# Imports

In [7]:
import tensorflow as tf
from tensorflow.keras.preprocessing.text import Tokenizer
from tensorflow.keras.preprocessing.sequence import pad_sequences
import numpy as np

# Import essays

In [3]:
import pandas as pd

# Load the dataset
file_path = 'ielts_writing_dataset.csv'  # Make sure the path is correct
dataset = pd.read_csv(file_path)

# Select only the 'Essay' and 'Overall' columns
essays = dataset['Essay']
scores = dataset['Overall']


# Data Preprocessing

In [4]:
# Parameters
vocab_size = 10000  # Adjust as needed
max_length = 300    # Adjust based on your essay length
padding_type = 'post'
trunc_type = 'post'

# Tokenizing the essays
tokenizer = Tokenizer(num_words=vocab_size, oov_token="<OOV>")
tokenizer.fit_on_texts(essays)
word_index = tokenizer.word_index

# Converting essays to sequences
sequences = tokenizer.texts_to_sequences(essays)
padded = pad_sequences(sequences, maxlen=max_length, padding=padding_type, truncating=trunc_type)

# Build

In [5]:
model = tf.keras.Sequential([
    tf.keras.layers.Embedding(vocab_size, 64, input_length=max_length),
    tf.keras.layers.Bidirectional(tf.keras.layers.LSTM(64)),
    tf.keras.layers.Dense(64, activation='relu'),
    tf.keras.layers.Dense(1)  # Single output node for regression
])

model.compile(loss='mean_squared_error', optimizer='adam', metrics=['mean_absolute_error'])
model.summary()


Model: "sequential"
_________________________________________________________________
 Layer (type)                Output Shape              Param #   
 embedding (Embedding)       (None, 300, 64)           640000    
                                                                 
 bidirectional (Bidirection  (None, 128)               66048     
 al)                                                             
                                                                 
 dense (Dense)               (None, 64)                8256      
                                                                 
 dense_1 (Dense)             (None, 1)                 65        
                                                                 
Total params: 714369 (2.73 MB)
Trainable params: 714369 (2.73 MB)
Non-trainable params: 0 (0.00 Byte)
_________________________________________________________________


# Training

In [14]:
# Convert scores to numpy array
scores = np.array(scores)

# Split data into training and testing sets
from sklearn.model_selection import train_test_split
train_padded, test_padded, train_scores, test_scores = train_test_split(padded, scores, test_size=0.2)

# Train the model
num_epochs = 5  # Adjust as needed
model.fit(train_padded, train_scores, epochs=num_epochs, validation_data=(test_padded, test_scores))


Epoch 1/5
Epoch 2/5
Epoch 3/5
Epoch 4/5
Epoch 5/5


<keras.src.callbacks.History at 0x290d22790>

# Evaluation

In [15]:
loss, accuracy = model.evaluate(test_padded, test_scores)
print(f'Loss: {loss}, Accuracy: {accuracy}')
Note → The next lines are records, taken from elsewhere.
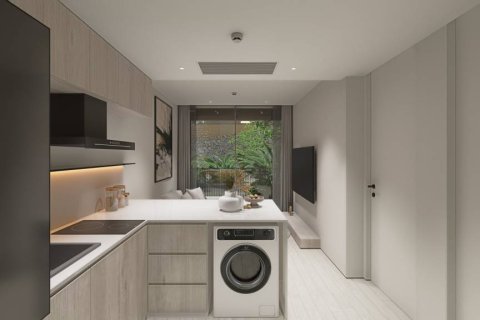 Кондоминиум с 1 спальней в Паттайе, Таиланд № 153817 - фото 2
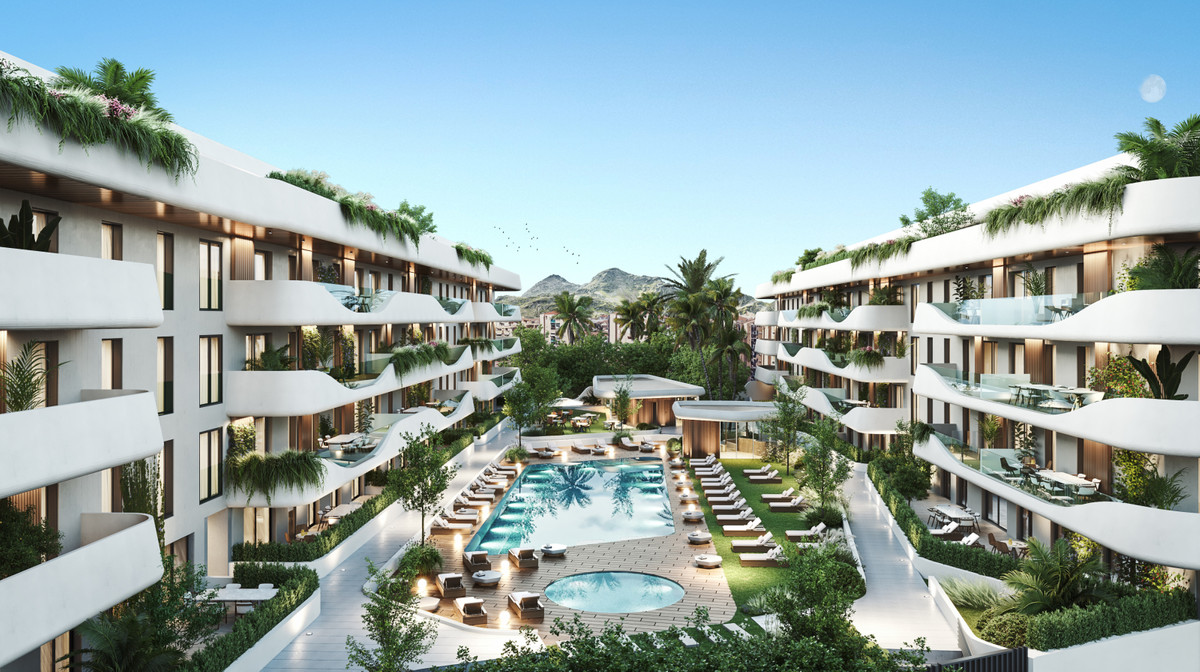 3 Bedroom Apartment for Sale in San Pedro de Alcántara — 9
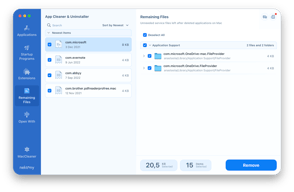 App Cleaner & Uninstaller 4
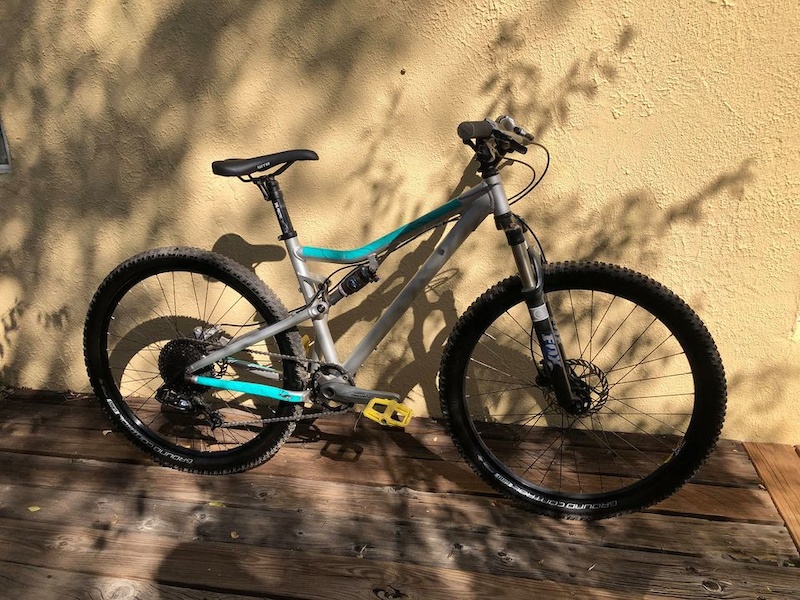 santa cruz blur xc 26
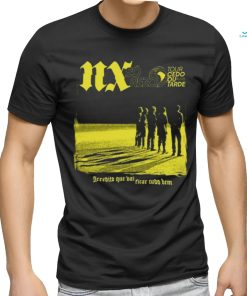 Nx Zero Tour Shirt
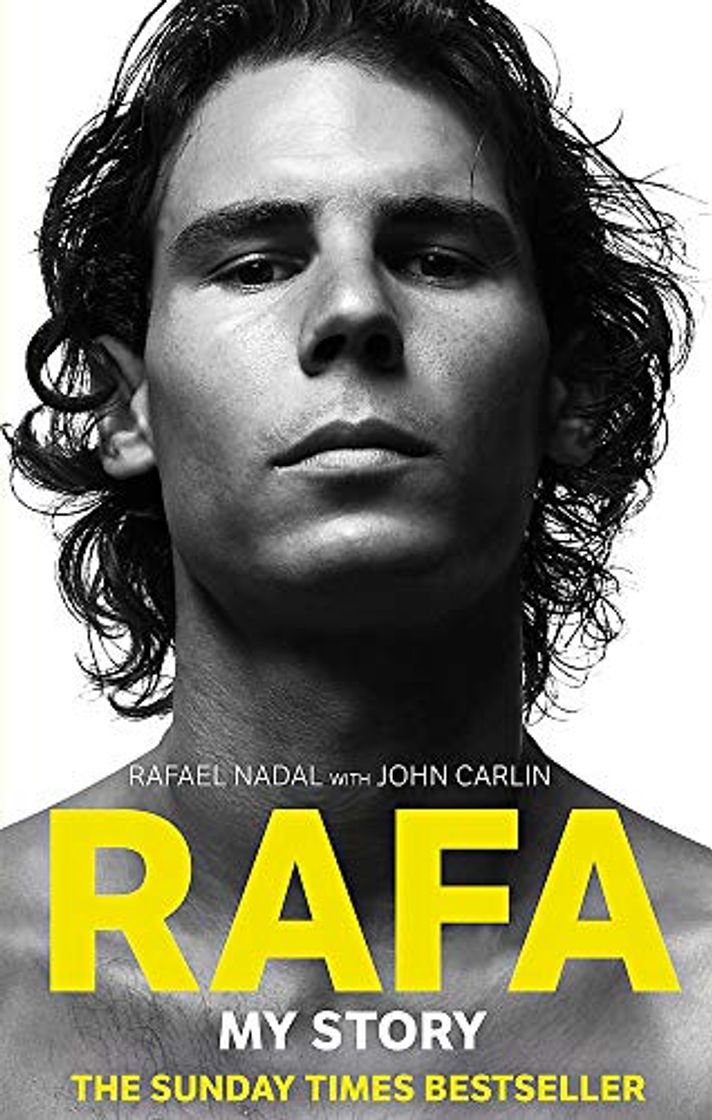 Book Rafa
Loss: 0.37680962681770325, Accuracy: 0.3808192312717438


# Save the model

In [17]:
model.save('model.h5')

  saving_api.save_model(


# Load and test the model

In [18]:
model = tf.keras.models.load_model('model.h5')
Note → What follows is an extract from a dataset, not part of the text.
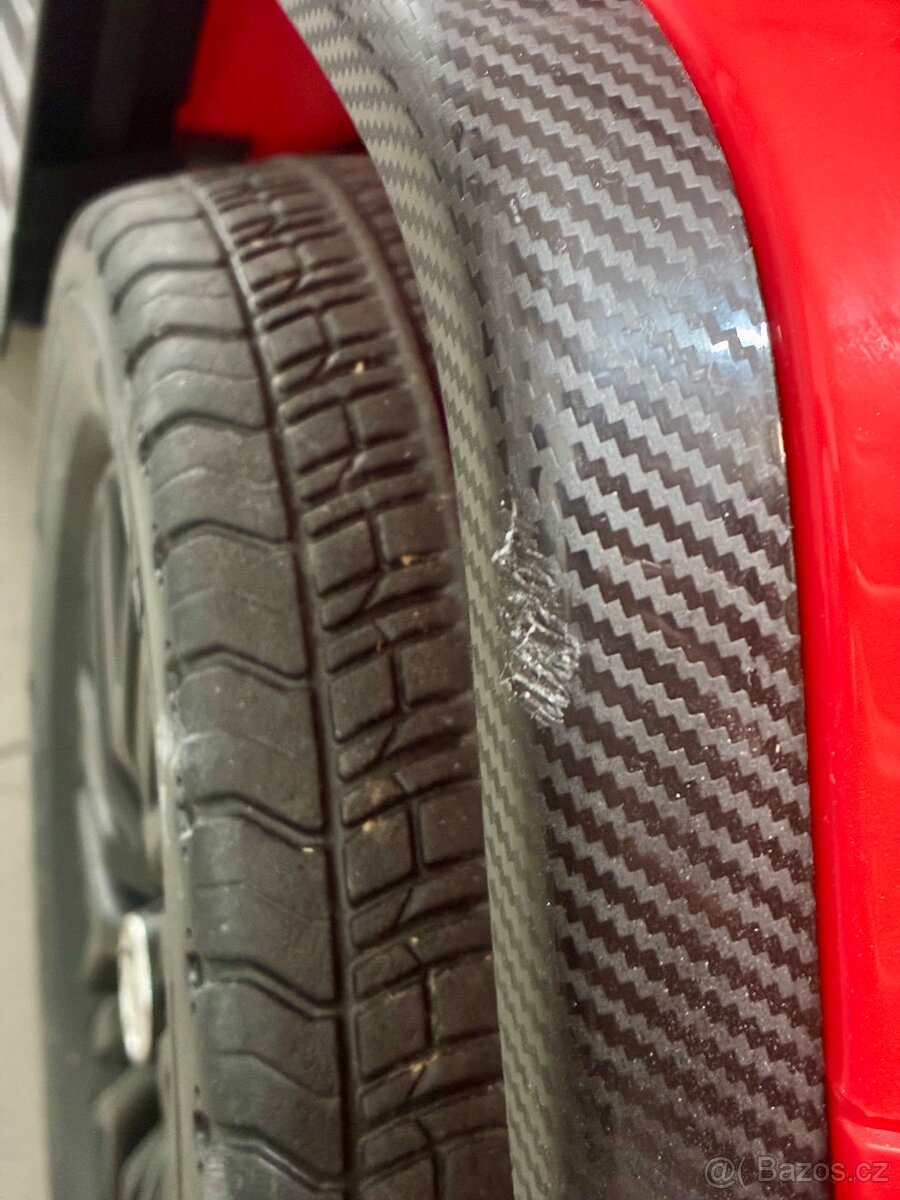 Elektrické autíčko Mercedes-Benz G63 AMG 4x4 - 6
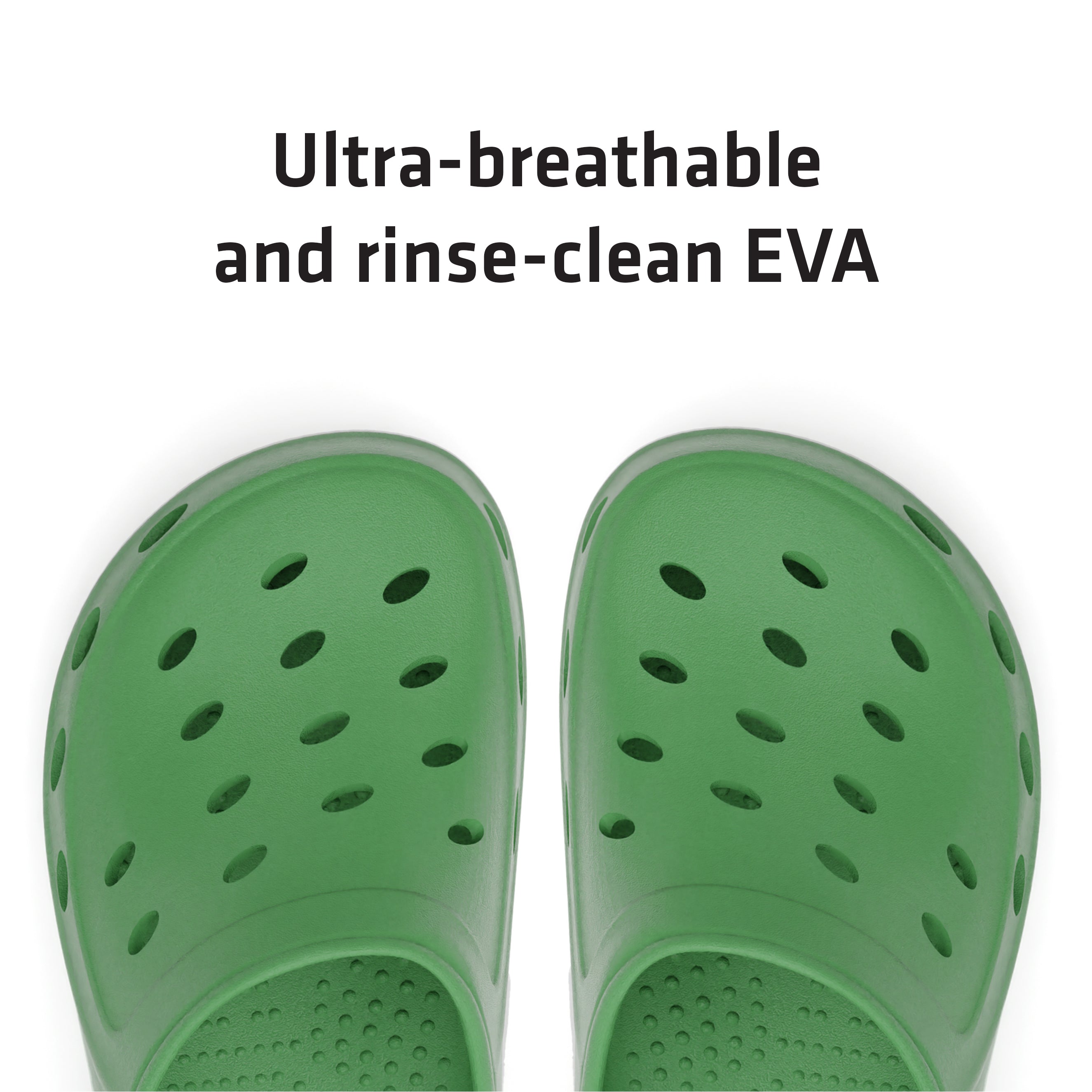 Breathable Kids' Slippers - Soft & Comfortable Ventilated Clogs for Boys & Girls - Perfect for Indoor Play, Beach, Pool & Backyard Fun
# Predict the rating of essays

In [19]:
def preprocess_new_essays(new_essays, tokenizer, max_length):
    """
    Preprocess new essays using the same tokenizer and parameters used for training data.
    """
    # Convert essays to sequences
    sequences = tokenizer.texts_to_sequences(new_essays)
    # Pad the sequences to ensure uniform length
    padded = pad_sequences(sequences, maxlen=max_length, padding='post', truncating='post')
    return padded

def predict_scores(new_essays, tokenizer, model, max_length):
    """
    Predict scores for new essays.
    """
    # Preprocess essays
    preprocessed_essays = preprocess_new_essays(new_essays, tokenizer, max_length)
    # Predict scores
    predicted_scores = model.predict(preprocessed_essays)
    return predicted_scores

# Example usage
new_essays = ["Essay text goes here", "Essay 2 text goes here"]
predicted_scores = predict_scores(new_essays, tokenizer, model, max_length)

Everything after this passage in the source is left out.